If you want the unitary matrix, you can use the unitary_simulator, in the following way

usimulator=Aer.get_backend('unitary_simulator')

job = execute(qc, usimulator)
umatrix = job.result().get_unitary(qc,decimals=3) #decimals is not necessary
print(umatrix) 

which provides

[[ 0.707+0.j -0.707+0.j]
[-0.707-0.j -0.707-0.j]]

Alternative solution

As any state $|b\rangle$ is written as $$|b\rangle=\cos(\theta/2)|0\rangle + e^{i\varphi}\sin(\theta/2)|1\rangle$$ (global phase does not matter), if you know $\theta$ and $\varphi$, you can easily construct this state by applying $P(\varphi)R_y(\theta)|0\rangle$, where $P(\varphi)$ is a phase gate and $R_y$ is a rotation gate in the $y$-axis.

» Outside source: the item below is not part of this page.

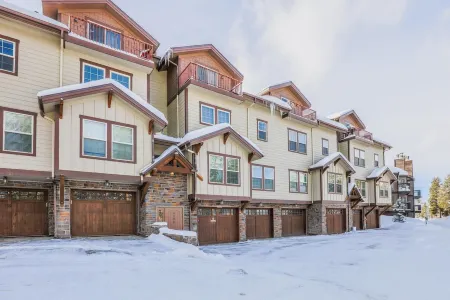 2 bed 2 bath Condo, Heated Garage on Winter Park Bus Route, Sleeps 6 comfortably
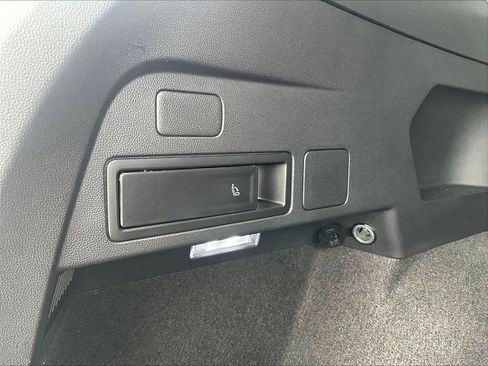 Used 2023 Volkswagen Tiguan SE R-Line AWD/4WD image 18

In Qiskit, this can be done as follows

from qiskit import QuantumCircuit
import math

theta=math.pi/2
phi=0


qc = QuantumCircuit(1) #circuit with 1 qubit

qc.ry(theta,0)
qc.p(phi,0)

The unitary of such operation is straightforward: $$\begin{bmatrix}\cos(\theta/2) & -\sin(\theta/2) \\ \sin(\theta/2)e^{i\varphi} & \cos(\theta/2)e^{i\varphi} \end{bmatrix}.$$

Such a gate can also be implemented directly with Qiskit native gate U3 (with $\lambda=0$).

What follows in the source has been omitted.